Copy task, pictures excluded: set down exactly the lines from the one containing "Top Knobs Aspen" to the end of the data below.

> _Source material_
^^^^^^^^^^^^^^^^

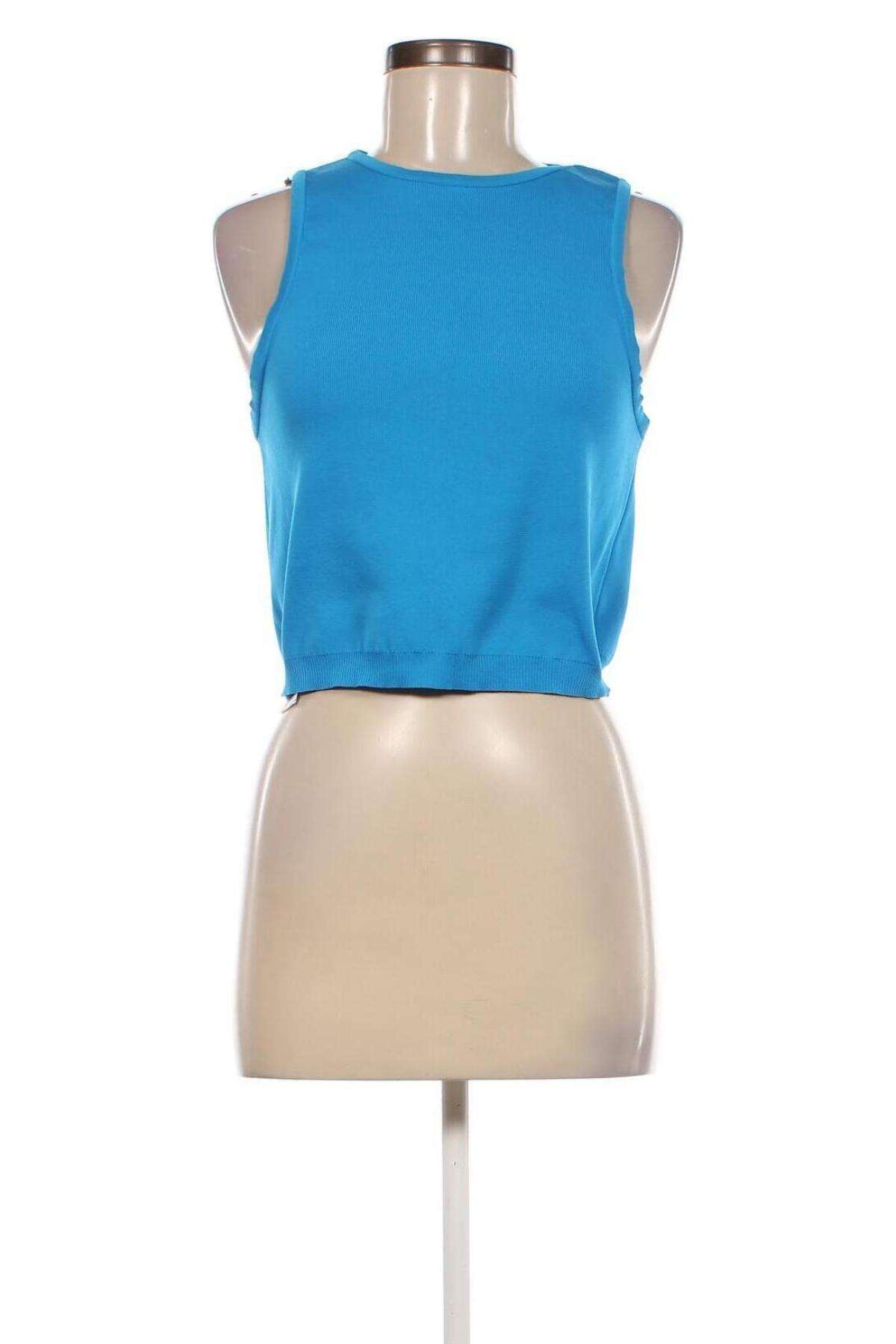 Γυναικείο αμάνικο μπλουζάκι Mango, Μέγεθος L, Χρώμα Μπλέ, Τιμή 10,58 €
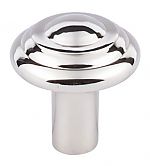 Top Knobs Aspen II Cast Bronze 1-1/4" (32mm) Button Knob (Polished Nickel)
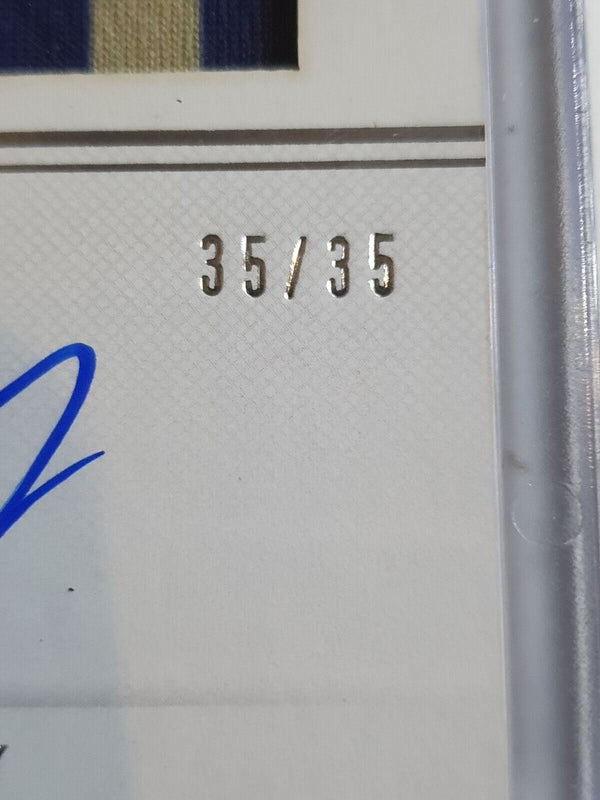 2021 National Treasures Josh Giddey Rookie #PATCH AUTO /35 - Rare Gem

^^^^^^^^^^^^^^^^

> _Answer to the exercise_
 Top Knobs Aspen II Cast Bronze 1-1/4" (32mm) Button Knob (Polished Nickel)
 2021 National Treasures Josh Giddey Rookie #PATCH AUTO /35 - Rare Gem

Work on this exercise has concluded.